Exercise inputs —
┌──

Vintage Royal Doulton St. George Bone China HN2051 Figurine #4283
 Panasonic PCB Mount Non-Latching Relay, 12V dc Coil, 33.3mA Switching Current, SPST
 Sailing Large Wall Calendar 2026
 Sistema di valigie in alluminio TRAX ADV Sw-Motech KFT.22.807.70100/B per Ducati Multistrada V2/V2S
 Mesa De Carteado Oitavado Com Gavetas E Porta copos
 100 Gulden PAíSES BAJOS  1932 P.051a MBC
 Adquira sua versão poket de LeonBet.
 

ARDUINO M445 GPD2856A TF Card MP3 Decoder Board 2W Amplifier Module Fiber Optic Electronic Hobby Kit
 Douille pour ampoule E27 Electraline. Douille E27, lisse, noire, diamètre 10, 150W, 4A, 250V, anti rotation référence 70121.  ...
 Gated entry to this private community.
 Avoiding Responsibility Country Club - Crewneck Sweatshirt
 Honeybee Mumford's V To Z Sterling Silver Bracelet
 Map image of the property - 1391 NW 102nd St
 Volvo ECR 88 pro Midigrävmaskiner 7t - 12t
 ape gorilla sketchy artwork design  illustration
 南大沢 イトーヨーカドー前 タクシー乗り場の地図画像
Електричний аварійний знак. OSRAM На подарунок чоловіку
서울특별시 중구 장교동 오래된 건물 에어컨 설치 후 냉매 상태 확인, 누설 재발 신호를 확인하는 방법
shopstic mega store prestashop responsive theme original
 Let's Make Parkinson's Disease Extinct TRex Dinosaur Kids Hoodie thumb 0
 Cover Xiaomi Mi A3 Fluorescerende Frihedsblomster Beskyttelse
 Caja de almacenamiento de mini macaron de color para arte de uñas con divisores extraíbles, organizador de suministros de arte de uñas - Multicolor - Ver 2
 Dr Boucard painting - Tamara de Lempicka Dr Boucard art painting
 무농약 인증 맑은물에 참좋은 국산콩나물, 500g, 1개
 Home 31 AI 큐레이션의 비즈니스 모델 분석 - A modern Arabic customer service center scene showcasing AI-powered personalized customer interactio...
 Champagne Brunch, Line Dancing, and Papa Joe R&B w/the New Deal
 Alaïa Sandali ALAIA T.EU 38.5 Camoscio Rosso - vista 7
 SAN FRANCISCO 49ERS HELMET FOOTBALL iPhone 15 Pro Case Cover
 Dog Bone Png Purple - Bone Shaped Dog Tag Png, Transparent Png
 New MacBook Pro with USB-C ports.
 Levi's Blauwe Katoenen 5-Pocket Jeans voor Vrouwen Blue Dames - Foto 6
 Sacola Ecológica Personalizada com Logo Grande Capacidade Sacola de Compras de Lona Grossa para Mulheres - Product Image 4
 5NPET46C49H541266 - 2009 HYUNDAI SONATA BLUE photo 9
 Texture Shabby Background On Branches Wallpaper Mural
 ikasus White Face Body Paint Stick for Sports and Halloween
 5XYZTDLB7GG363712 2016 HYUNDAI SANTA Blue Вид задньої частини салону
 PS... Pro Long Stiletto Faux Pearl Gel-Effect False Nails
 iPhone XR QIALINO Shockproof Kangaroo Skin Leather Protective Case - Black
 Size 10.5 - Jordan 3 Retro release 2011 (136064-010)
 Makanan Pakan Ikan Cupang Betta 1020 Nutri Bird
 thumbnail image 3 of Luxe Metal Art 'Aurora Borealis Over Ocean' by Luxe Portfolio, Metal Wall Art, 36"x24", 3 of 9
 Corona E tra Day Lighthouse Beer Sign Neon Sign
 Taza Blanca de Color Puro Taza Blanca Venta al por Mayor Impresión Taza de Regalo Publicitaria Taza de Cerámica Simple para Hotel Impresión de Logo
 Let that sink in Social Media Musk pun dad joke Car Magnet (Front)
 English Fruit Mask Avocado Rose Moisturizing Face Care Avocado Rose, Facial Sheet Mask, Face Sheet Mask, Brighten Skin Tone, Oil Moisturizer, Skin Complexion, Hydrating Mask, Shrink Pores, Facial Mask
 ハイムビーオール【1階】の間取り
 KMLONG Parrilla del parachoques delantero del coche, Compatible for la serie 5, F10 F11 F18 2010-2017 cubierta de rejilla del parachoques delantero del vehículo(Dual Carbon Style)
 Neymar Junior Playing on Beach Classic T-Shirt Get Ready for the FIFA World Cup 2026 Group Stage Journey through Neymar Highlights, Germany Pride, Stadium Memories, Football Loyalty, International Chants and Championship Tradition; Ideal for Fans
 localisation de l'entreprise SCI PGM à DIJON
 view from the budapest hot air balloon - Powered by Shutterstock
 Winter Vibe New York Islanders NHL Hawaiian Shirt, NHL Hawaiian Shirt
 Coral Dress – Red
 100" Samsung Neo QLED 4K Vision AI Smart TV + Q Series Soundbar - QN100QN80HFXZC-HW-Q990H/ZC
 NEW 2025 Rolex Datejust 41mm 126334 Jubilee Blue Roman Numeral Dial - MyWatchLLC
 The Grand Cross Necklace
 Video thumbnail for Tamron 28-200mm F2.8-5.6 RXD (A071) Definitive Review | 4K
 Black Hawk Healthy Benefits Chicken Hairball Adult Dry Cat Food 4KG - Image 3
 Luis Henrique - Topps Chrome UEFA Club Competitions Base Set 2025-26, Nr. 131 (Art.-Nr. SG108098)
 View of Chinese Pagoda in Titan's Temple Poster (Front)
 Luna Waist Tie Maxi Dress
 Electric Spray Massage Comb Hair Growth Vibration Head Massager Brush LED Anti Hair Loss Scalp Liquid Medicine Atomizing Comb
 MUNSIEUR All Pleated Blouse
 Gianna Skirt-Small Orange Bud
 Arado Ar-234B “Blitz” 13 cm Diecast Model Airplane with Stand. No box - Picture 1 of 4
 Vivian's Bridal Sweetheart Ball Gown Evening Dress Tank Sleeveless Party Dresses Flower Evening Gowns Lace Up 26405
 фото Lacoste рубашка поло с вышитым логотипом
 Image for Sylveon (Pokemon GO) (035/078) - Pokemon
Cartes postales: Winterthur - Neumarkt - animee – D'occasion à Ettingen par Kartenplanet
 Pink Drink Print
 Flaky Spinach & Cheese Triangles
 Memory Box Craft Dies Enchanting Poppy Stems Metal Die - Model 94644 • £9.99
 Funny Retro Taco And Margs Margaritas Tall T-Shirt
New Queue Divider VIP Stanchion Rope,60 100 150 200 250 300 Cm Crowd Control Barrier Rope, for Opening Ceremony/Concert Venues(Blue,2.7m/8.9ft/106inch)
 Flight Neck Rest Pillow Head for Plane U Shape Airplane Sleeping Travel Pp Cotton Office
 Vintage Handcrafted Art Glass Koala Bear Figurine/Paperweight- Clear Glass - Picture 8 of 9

└──

Please copy out each line of the listing above that contains the string "iPhone".

 SAN FRANCISCO 49ERS HELMET FOOTBALL iPhone 15 Pro Case Cover
 iPhone XR QIALINO Shockproof Kangaroo Skin Leather Protective Case - Black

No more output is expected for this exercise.